The first frontier for this breakthrough may be oncology where such targeted drug delivery is obvious. If you can kill the "bad cells" without touching the good ones entirely new ways of thinking about cancer therapies are on the table. The work is still in its infancy but good results have already been obtained in prostate and ovarian cancer cells.
-- DeSimone is using these same principles to produce particles that mimic red blood cells. Not only do these particles look and act like red blood but they are "smart" as well. What this means is they can be designed to circulate in targeted parts of the body and not others (their shape and modulus confine them to specified parts of the circulatory system). They can also be designed to circulate for a specified period of time and then be excreted (this is effectuated by the particles changing in shape and flexibility over time). A therapy that can be infused into a particle that will circulate like blood in the body for a given period of time and then be excreted would have profound implications for the delivery of all kinds of drug therapies. Intra-venous transfusions might be replaced by drug infused particle injections. Vaccines that require multiple doses to be effective may be delivered via a smart particle that can achieve the same result. Again, full implementation of the technology has not been achieved but the platform has been created.
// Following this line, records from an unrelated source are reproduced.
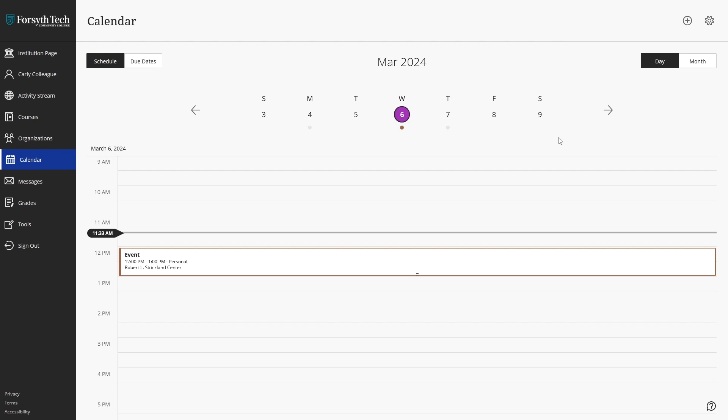The calendar feature in Blackboard Ultra can be a great resource to help you plan for your day, manage your time effectively, and keep on top of your assignment due dates.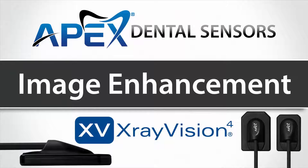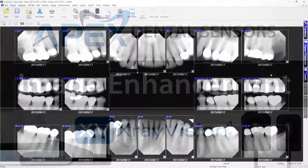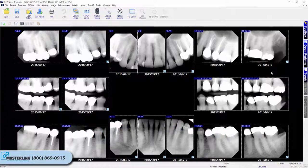Image Enhancement. X-Ray Vision's Image Manipulation and Enhancement tools enable users to improve image quality without having to reshoot x-rays or other images. This portion of the guide will highlight the primary enhancement tools.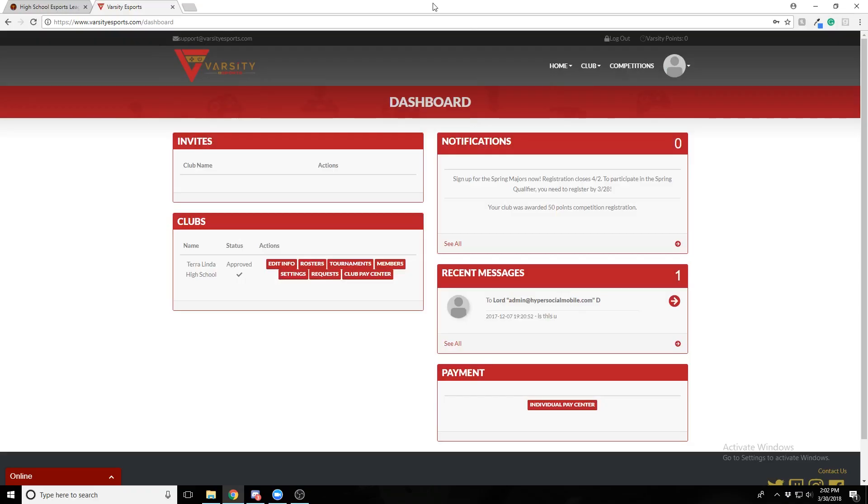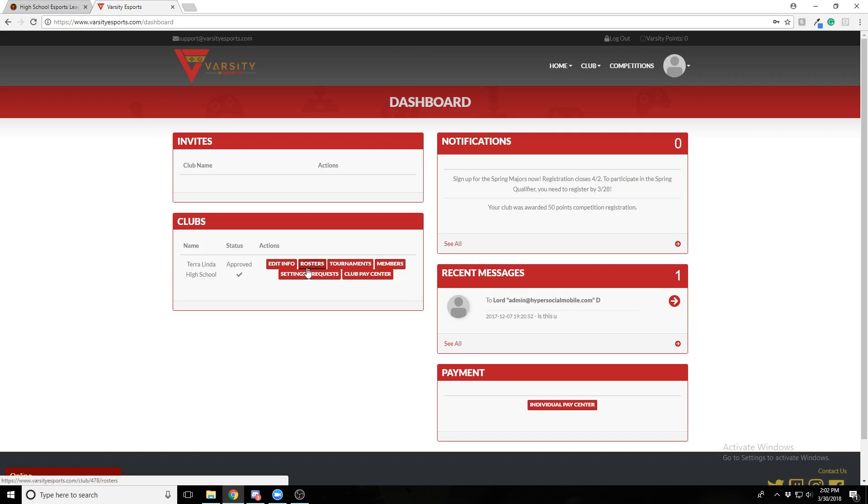Hello, my name is Aaron and today I'll be showing you how to register a roster for a tournament. To do that, you'll need a roster. Check out my other tutorial video on how to create a roster.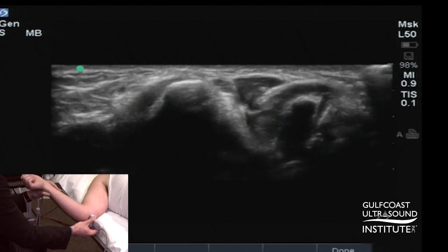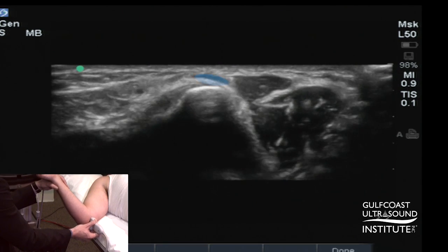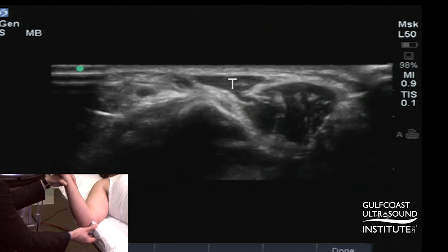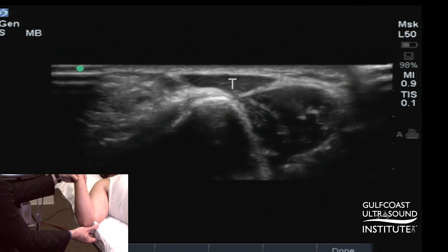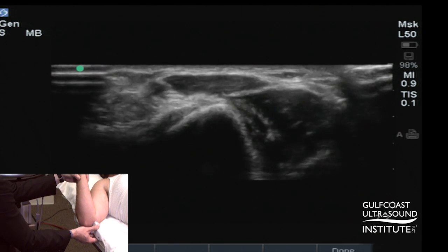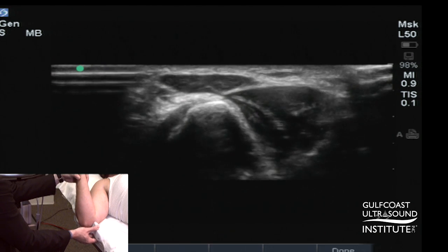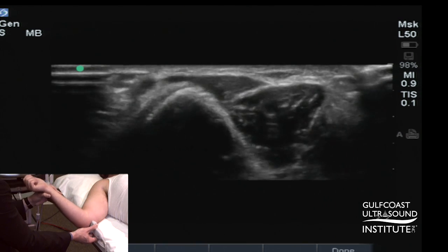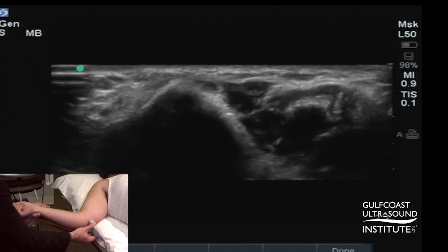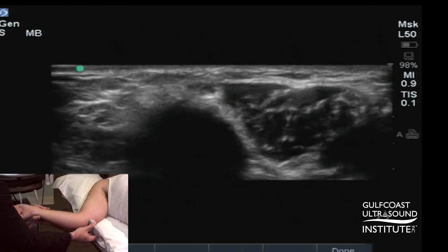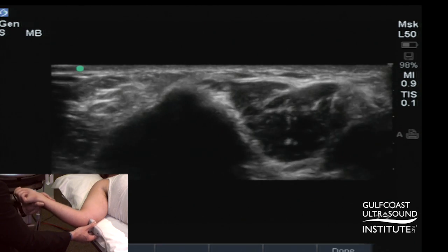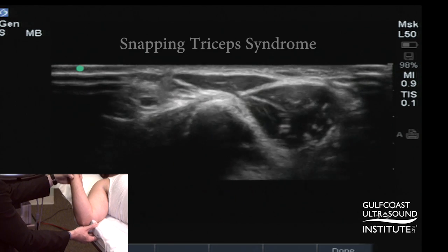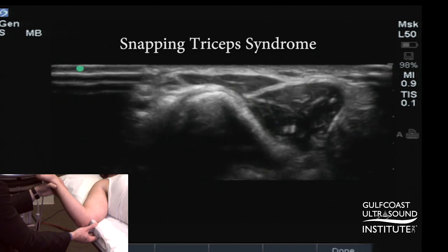Incidentally, with this patient, as I flex, note the ulnar nerve dislocating over the apex, followed by the medial head of the triceps moving anterior to the medial epicondyle as well. This is an abnormal condition — normally the triceps and the ulnar nerve should be located behind the medial epicondyle. Often you can feel two snaps, and this ulnar dislocation in combination with the medial head of the triceps is termed snapping triceps syndrome.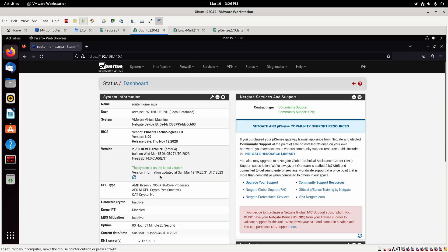All right, we can see that it immediately checked for a new version and there isn't any, so it does let us know that the system is on the latest version.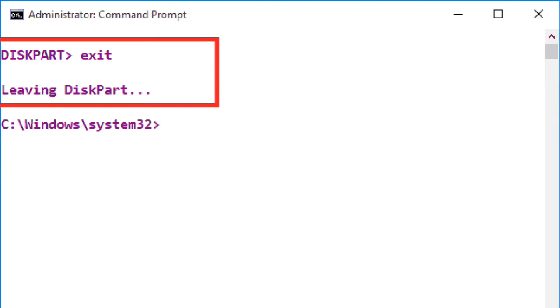Run exit command twice to exit the diskpart session and close the CMD window.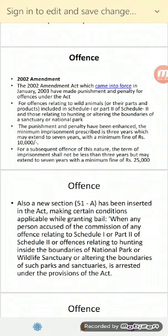Offenses listed in the schedule have enhanced punishments and penalties. The minimum imprisonment, which is the minimum time to go to jail, is 3 years, which may extend to 7 years. For subsequent offenses of this nature, the term of imprisonment shall not be less than 3 years but may extend to 7 years, along with a minimum fine.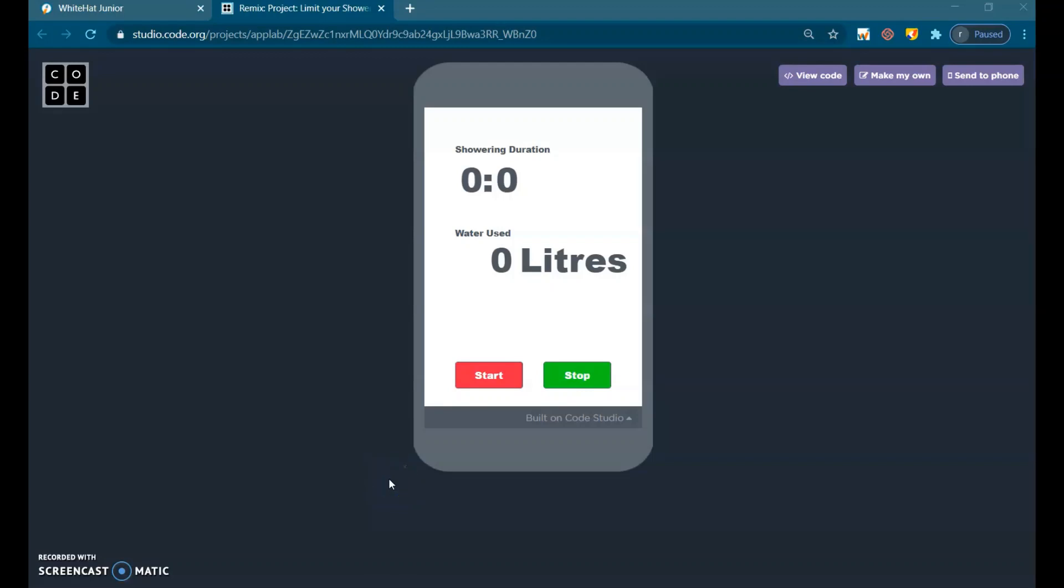Hi, I am Kartik. Welcome to my channel Kartik the Coder. Today my topic is Limit Showering Project in Whitehead Junior. Let's start the project.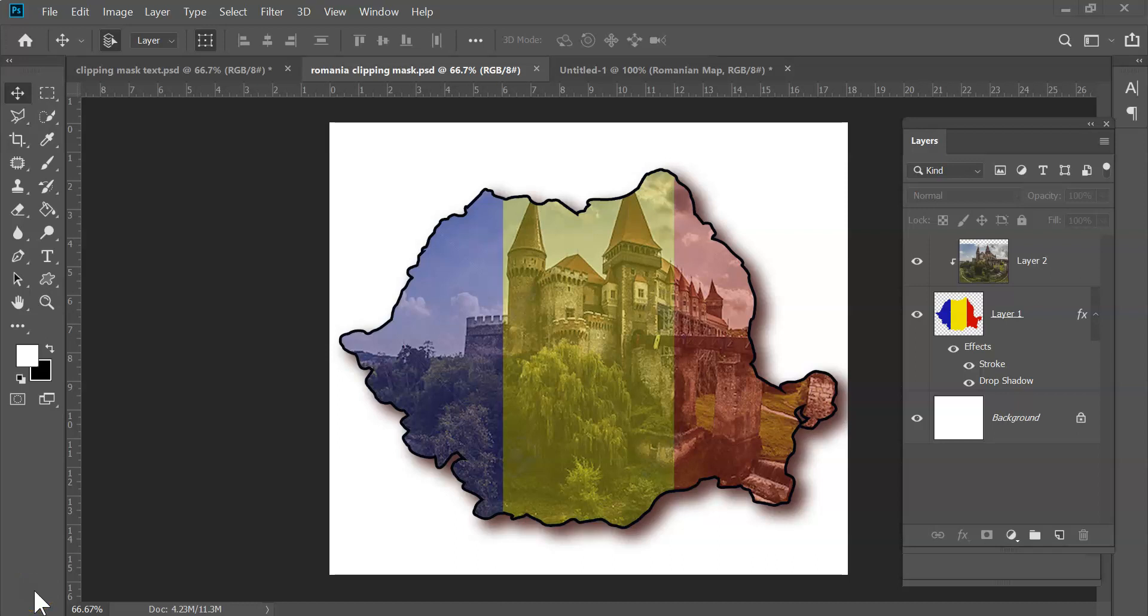Welcome to another 5-Minute Tech Tip. This is Dave Casuto here to talk about clipping masks. I've already done another video on this, working with clipping masks and text. Here's one working with two images together.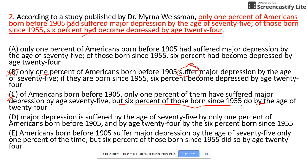Option D uses an incorrect passive form — 'major depression is suffered by age.' The correct sense would require active construction. So D is also out.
-- Even further out, at least from the perspective of a non-scientist like me, DeSimone and his colleagues are working to deliver a therapy called "silencing RNA" or siRNA. The theory behind this approach, which many believe will be foundational for the future of drug therapy, is that certain diseases can be cured even before they manifest themselves by identifying the proteins that cause them and then preventing those proteins from every firing. The trick is achieving "knock down" by altering the functioning of targeted proteins within a designated cell -- no trivial task. Because DeSimone can produce smart but tiny particles and they can be infused with a cargo that may achieve "knock down" one of the big barriers to unlocking the promise of siRNA may be addressed with revolutionary consequences for the way we think about treating disease.
Of course, there are huge hurdles associated with each example, not the least of which being how to produce huge quantities of custom designed particles all with exactly the same characteristics. But even what has been achieved so far provides a sense of what's possible and will provide the basis for scores of other ideas some of them conceived on the Fourth of July in between sessions with a great science fiction novel.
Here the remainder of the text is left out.